Rwanda’s dominant drug-resistant TB strain found across Great Lakes borders

Tuberculosis that resists standard treatment remains a major public health challenge, and in Rwanda researchers had already spotted a worrying pattern: a single multidrug-resistant tuberculosis (MDR-TB) strain, named the R3clone, was behind roughly 70% of rifampicin-resistant TB cases in the country. To understand how far this successful clone reached, a team led by Conor J. Meehan turned to genetic surveillance. They first used whole-genome sequencing on MDR-TB isolates collected in Rwanda to define unique genetic signatures that set the R3clone apart from other Mycobacterium tuberculosis complex bacteria. With those defining features in hand, the team developed a targeted qPCR test that looks for a clone-specific single-nucleotide polymorphism. The approach was designed to be practical: pair broad genomic analysis to discover specific markers, then build a focused molecular test that can rapidly screen many samples. This combination aimed to show not just that the R3clone existed in Rwanda, but whether it had moved across borders into neighboring countries and beyond, information that is essential for tracking and controlling the spread of drug-resistant TB.

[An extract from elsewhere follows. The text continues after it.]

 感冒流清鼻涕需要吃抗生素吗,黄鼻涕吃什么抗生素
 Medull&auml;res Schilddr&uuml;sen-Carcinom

The researchers applied their two-part strategy—whole-genome sequencing to define the R3clone signature, followed by a targeted qPCR assay—to large collections of isolates. Using these tools, they screened isolates from Rwanda, neighboring countries, and public genomic repositories. In total they identified 375 R3clone isolates: 264 from historical Rwandan collections spanning 1991-2021, 49 from recent Rwandan diagnostic routine samples collected during 2021-2024, 25 from historical Burundi isolates collected between 2002-2013, and 37 from public repositories representing several countries. The R3clone-specific qPCR assay showed 100% specificity in distinguishing the R3clone from other MTBC (sub-)lineages, meaning it reliably told the R3clone apart from other strains. Transmission analysis based on the genetic data revealed cross-border movement of the R3clone within the Great Lakes Region, demonstrating that the dominant Rwandan MDR-TB clone is not confined to one country but has been transmitted across neighboring borders.

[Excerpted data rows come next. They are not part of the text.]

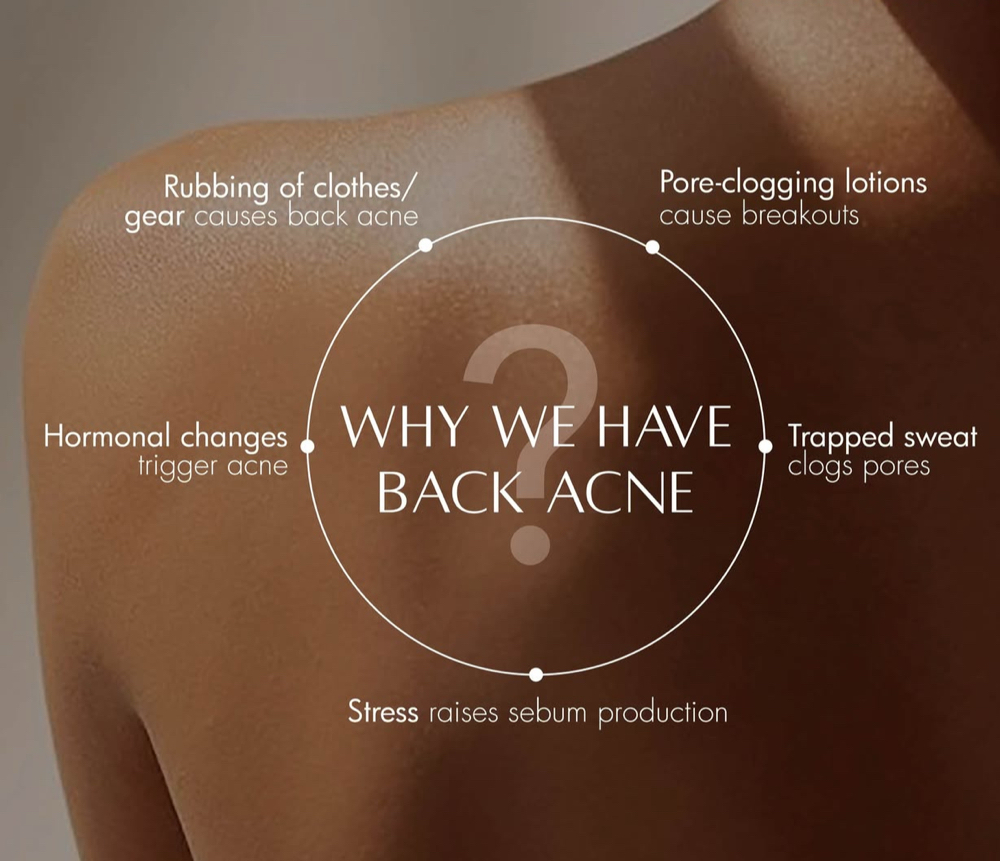 Back Treatment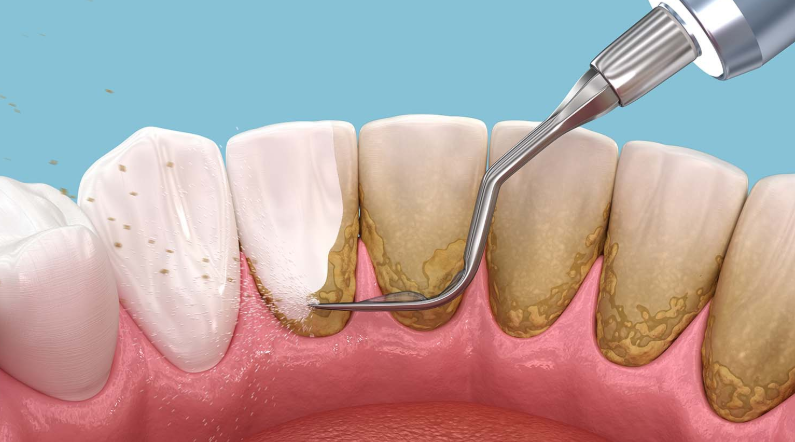 5 Ways To Reduce Plaque Around Deep Tooth Grooves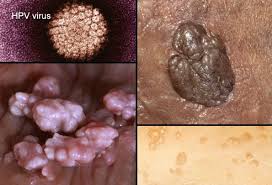 Genital Warts Hpv Picture Image On Medicinenet Com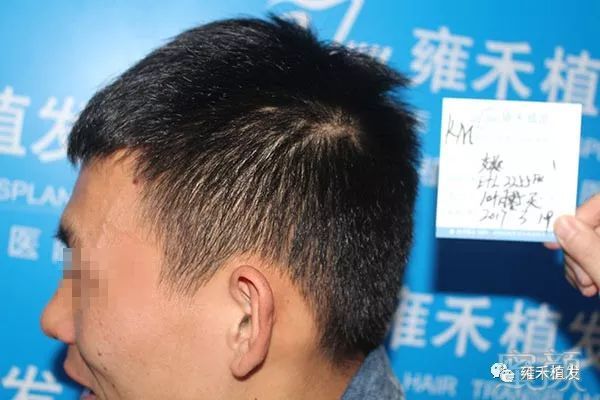 https://img.miyanlife.com/mnt/timg/180327/12225W620-15.jpg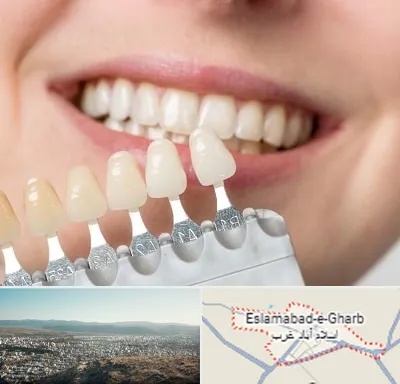 مرکز کامپوزیت دندان در اسلام آباد غرب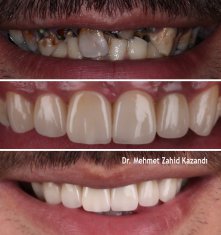 Veneers Turkey Before After 19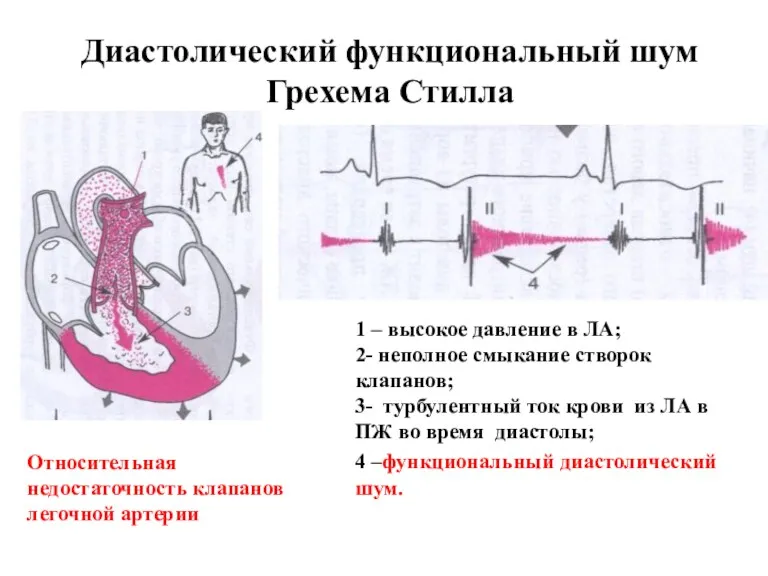 Диастолический функциональный шум Грехема Стилла Относительная недостаточность клапанов легочной артерии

These findings carry clear implications for how health authorities monitor and respond to drug-resistant TB. The study shows that combining whole-genome sequencing to pinpoint unique signatures with a targeted qPCR test can both map and rapidly detect a dominant MDR-TB clone. Because the R3clone accounts for a large share of rifampicin-resistant TB in Rwanda and has been found in neighboring countries, the work underlines the need for coordinated, cross-border surveillance across the Great Lakes Region. Timely identification of such clones can inform public health responses, from case finding to treatment strategies, and helps countries track whether control efforts are working. The authors conclude that national programs should not work in isolation: molecular diagnostics and genomic surveillance need to be shared and aligned internationally to prevent further spread of dominant drug-resistant strains like the R3clone.